Targeted RNA-Seq Expands the Toolkit for Early Cancer Detection
RNA-seq is an essential research tool that holds exciting prospects for the early detection of cancer. However, in clinical samples highly abundant mRNA and rRNA sequences obscure rarer RNA subtypes that may hold the keys to early cancer detection, such as long non-coding RNA. Here we dive into recent research from the University of Ghent outlining the use of targeted RNA-seq to enrich lncRNA from various sample types and discuss how recent advances make target enrichment an invaluable tool for high-resolution RNA-seq experiments.
As a rule of thumb, treating cancer is much easier and more successful when detected early. In a UK report from 2018, only 55% of cancers are detected at stage 1 or 2. Cancer type also plays a significant role in early detection. In the report, 90% of testicular cancer cases were detected early, compared to only 22% of pancreatic cancers (ref 1).
Researchers have long been searching for screening methods that are minimally invasive, non-damaging, yet sensitive enough to detect small populations of cancerous cells, aiding and improving early detection. Out of this effort has grown an increased excitement around a genetic element called long non-protein coding RNA (lncRNA).

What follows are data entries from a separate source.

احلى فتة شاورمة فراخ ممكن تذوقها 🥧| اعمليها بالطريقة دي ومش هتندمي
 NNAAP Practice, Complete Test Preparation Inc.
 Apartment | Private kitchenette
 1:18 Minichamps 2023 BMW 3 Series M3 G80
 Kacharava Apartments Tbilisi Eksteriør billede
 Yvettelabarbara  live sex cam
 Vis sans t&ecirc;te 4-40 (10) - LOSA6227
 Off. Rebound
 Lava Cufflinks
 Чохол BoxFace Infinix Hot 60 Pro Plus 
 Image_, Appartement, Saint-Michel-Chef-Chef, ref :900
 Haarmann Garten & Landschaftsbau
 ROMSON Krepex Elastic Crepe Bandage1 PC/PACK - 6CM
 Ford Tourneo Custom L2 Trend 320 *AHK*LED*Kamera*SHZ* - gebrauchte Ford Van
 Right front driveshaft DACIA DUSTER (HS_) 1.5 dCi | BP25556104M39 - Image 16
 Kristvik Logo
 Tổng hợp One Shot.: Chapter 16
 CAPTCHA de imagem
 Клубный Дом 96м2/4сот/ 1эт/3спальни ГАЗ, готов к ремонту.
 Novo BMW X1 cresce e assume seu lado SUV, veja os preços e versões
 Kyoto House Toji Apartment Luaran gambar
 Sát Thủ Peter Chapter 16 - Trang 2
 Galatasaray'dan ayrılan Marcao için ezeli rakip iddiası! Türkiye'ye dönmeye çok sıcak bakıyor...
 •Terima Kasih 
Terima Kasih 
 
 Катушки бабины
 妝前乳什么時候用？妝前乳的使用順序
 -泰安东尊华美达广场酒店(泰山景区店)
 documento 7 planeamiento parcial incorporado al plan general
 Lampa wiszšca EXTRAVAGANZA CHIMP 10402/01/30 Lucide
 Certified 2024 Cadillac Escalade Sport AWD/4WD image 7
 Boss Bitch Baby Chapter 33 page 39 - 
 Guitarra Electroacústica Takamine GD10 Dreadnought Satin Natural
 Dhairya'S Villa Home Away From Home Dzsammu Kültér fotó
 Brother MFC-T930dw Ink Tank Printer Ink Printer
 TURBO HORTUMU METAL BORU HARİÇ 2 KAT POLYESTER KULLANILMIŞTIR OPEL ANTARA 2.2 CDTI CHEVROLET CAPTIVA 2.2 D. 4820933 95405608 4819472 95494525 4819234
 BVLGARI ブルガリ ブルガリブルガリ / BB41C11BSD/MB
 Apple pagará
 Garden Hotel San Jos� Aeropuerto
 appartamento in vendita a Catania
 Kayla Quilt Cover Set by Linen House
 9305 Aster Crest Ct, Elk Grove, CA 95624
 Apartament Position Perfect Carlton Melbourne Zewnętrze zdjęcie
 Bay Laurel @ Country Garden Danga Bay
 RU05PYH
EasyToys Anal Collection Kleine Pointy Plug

lncRNAs belong to a diverse category encompassing any RNA molecule that is more than 200 nucleotides in length and does not translate protein-coding information. There are thousands of recognized lncRNA transcripts, some of which are believed to play an instrumental role in cancer development and progression. Cancer-associated lncRNA transcripts can be found circulating in a patient’s blood. This means that liquid biopsies utilizing RNA sequencing (RNA-seq) for the detection of lncRNA could be a valuable diagnostic tool.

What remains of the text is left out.